Data for this exercise

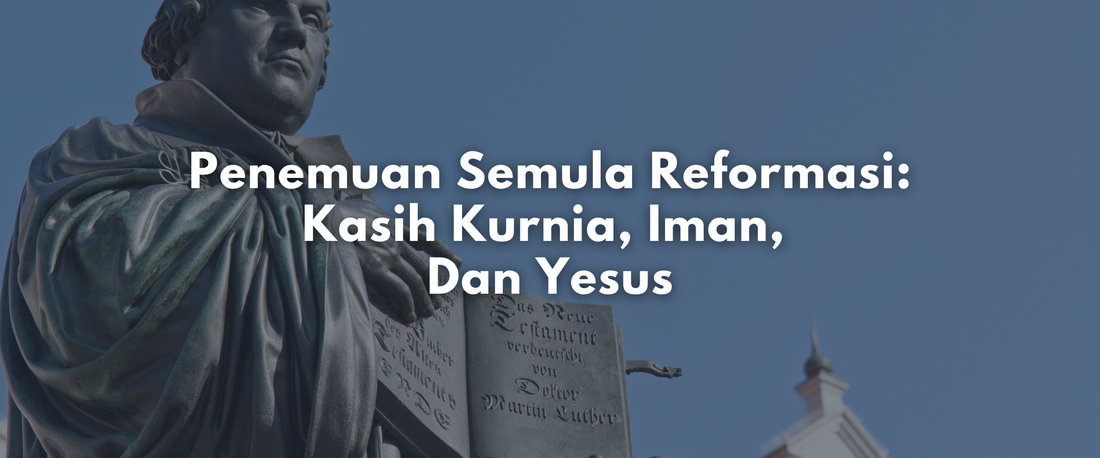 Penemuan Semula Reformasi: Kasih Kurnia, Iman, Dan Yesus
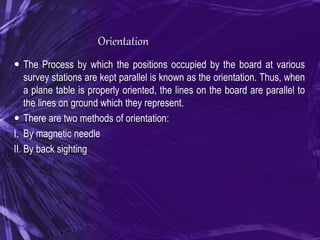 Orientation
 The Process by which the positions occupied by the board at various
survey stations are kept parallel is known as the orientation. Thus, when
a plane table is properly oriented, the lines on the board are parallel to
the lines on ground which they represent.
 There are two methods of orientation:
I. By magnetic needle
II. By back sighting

Work to complete
Your task is to copy each line of the material that contains the word "board".

Written answer
 The Process by which the positions occupied by the board at various
a plane table is properly oriented, the lines on the board are parallel to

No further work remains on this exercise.